Marketing with: Surprise Offers and Promotions, Likability, and a Desire to Become More Like Those We Idolize
Tying in what we’ve learned when it comes to Social Media Marketing via Facebook or Instagram, when a celebrity we really like sponsors something, suddenly, that particular company will see a jump in sales for the product said celeb sponsors. That’s a duh factor, right?
But what a lot of companies are pushing now, is sponsored content. They utilize favorite TV shows, and the personalities of actors, singers, or Kardashians to break through to a powerful mental representation of a brand in a consumer. If a consumer associates a company with “what it takes to be like him/her”, then they will buy from said company. It’s almost like a Pavlovian response when it comes to celeb endorsements, but that’s the only field in which consumers come when a bell is rung. Unless Kim K says your product is awesome in her latest Instagram post, chances are you won’t have 1000’s of teenagers and susceptible 20-somethings flocking to buy.
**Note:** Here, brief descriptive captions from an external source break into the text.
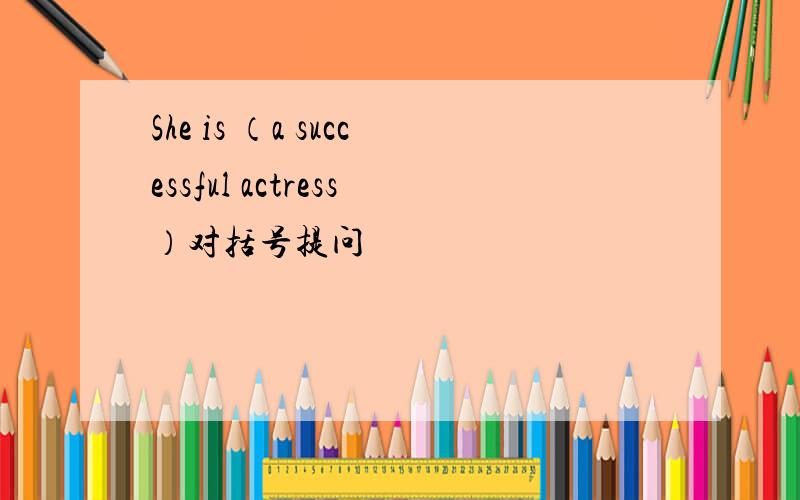 She is （a successful actress）对括号提问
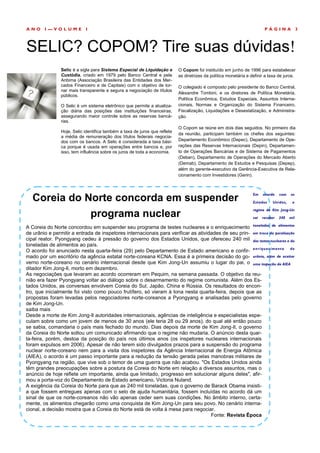 ANO     I—VOLUME            I                                                                                             PÁGINA               3



SELIC? COPOM? Tire suas dúvidas!
                Selic é a sigla para Sistema Especial de Liquidação e       O Copom foi instituído em junho de 1996 para estabelecer
                Custódia, criado em 1979 pelo Banco Central e pela          as diretrizes da política monetária e definir a taxa de juros.
                Anbima (Associação Brasileira das Entidades dos Mer-
                cados Financeiro e de Capitais) com o objetivo de tor-      O colegiado é composto pelo presidente do Banco Central,
                nar mais transparente e segura a negociação de títulos
                                                                            Alexandre Tombini, e os diretores de Política Monetária,
                públicos.
                                                                            Política Econômica, Estudos Especiais, Assuntos Interna-
                O Selic é um sistema eletrônico que permite a atualiza-     cionais, Normas e Organização do Sistema Financeiro,
                ção diária das posições das instituições financeiras,       Fiscalização, Liquidações e Desestatização, e Administra-
                assegurando maior controle sobre as reservas bancá-         ção.
                rias.
                                                                            O Copom se reúne em dois dias seguidos. No primeiro dia
                Hoje, Selic identifica também a taxa de juros que reflete
                                                                            da reunião, participam também os chefes dos seguintes:
                a média de remuneração dos títulos federais negocia-
                dos com os bancos. A Selic é considerada a taxa bási-       Departamento Econômico (Depec), Departamento de Ope-
                ca porque é usada em operações entre bancos e, por          rações das Reservas Internacionais (Depin), Departamen-
                isso, tem influência sobre os juros de toda a economia.     to de Operações Bancárias e de Sistema de Pagamentos
                                                                            (Deban), Departamento de Operações do Mercado Aberto
                                                                            (Demab), Departamento de Estudos e Pesquisas (Depep),
                                                                            além do gerente-executivo da Gerência-Executiva de Rela-
                                                                            cionamento com Investidores (Gerin).




   Coreia do Norte concorda em suspender
                                                                                                                   Em    acordo    com   os

                                                                                                                   Estados    Unidos,     o


              programa nuclear
                                                                                                                   regime de Kim Jong-Un

                                                                                                                   vai   receber   240   mil

A Coreia do Norte concordou em suspender seu programa de testes nucleares e o enriquecimento toneladas de alimentos
de urânio e permitir a entrada de inspetores internacionais para verificar as atividades de seu prin- em troca da paralisação
cipal reator. Pyongyang cedeu à pressão do governo dos Estados Unidos, que ofereceu 240 mil dos testes nucleares e do
toneladas de alimentos ao país.
O acordo foi anunciado nesta quarta-feira (29) pelo Departamento de Estado americano e confir- en r iqu ec im en t o d e
mado por um escritório da agência estatal norte-coreana KCNA. Essa é a primeira decisão do go- urânio, além de aceitar
verno norte-coreano no cenário internacional desde que Kim Jong-Un assumiu o lugar do pai, o uma inspeção da AIEA
ditador Kim Jong-Il, morto em dezembro.
As negociações que levaram ao acordo ocorreram em Pequim, na semana passada. O objetivo da reu-
nião era fazer Pyongyang voltar ao diálogo sobre o desarmamento do regime comunista. Além dos Es-
tados Unidos, as conversas envolvem Coreia do Sul, Japão, China e Rússia. Os resultados do encon-
tro, que inicialmente foi visto como pouco frutífero, só vieram à tona nesta quarta-feira, depois que as
propostas foram levadas pelos negociadores norte-coreanos a Pyongyang e analisadas pelo governo
de Kim Jong-Un.
saiba mais
Desde a morte de Kim Jong-Il autoridades internacionais, agências de inteligência e especialistas espe-
culam sobre como um jovem de menos de 30 anos (ele teria 28 ou 29 anos), do qual até então pouco
se sabia, comandaria o país mais fechado do mundo. Dias depois da morte de Kim Jong-Il, o governo
da Coreia do Norte soltou um comunicado afirmando que o regime não mudaria. O anúncio desta quar-
ta-feira, porém, destoa da posição do país nos últimos anos (os inspetores nucleares internacionais
foram expulsos em 2006). Apesar de não terem sido divulgados prazos para a suspensão do programa
nuclear norte-coreano nem para a visita dos inspetores da Agência Internacional de Energia Atômica
(AIEA), o acordo é um passo importante para a redução da tensão gerada pelas manobras militares de
Pyongyang na região, que vive sob o temor de uma guerra que não acabou. "Os Estados Unidos ainda
têm grandes preocupações sobre a postura da Coreia do Norte em relação a diversos assuntos, mas o
anúncio de hoje reflete um importante, ainda que limitado, progresso em solucionar alguns deles", afir-
mou a porta-voz do Departamento de Estado americano, Victoria Nuland.
A exigência da Coreia do Norte para que as 240 mil toneladas, que o governo de Barack Obama insisti-
a que fossem entregues apenas com o selo de ajuda humanitária, fossem incluídas no acordo dá um
sinal de que os norte-coreanos não vão apenas ceder sem suas condições. No âmbito interno, certa-
mente, os alimentos chegarão como uma conquista de Kim Jong-Un para seu povo. No cenário interna-
cional, a decisão mostra que a Coreia do Norte está de volta à mesa para negociar.
                                                                                    Fonte: Revista Época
Hence, the reason you should understand and employ emotional marketing. It’s the next best thing for sales, after having Kanye write a song lyric about an award show, then starting a feud about it and becoming the Snake Queen of Social media (sorry, but Taylor Swift might have the best marketing team there is). So if you can’t utilize what I would like to everyone to start referring to as “Taylor Swift Marketing”, you should take some time to sign up for our newsletter. We offer free branding and marketing advice, as often as you need it, but never more than you want it.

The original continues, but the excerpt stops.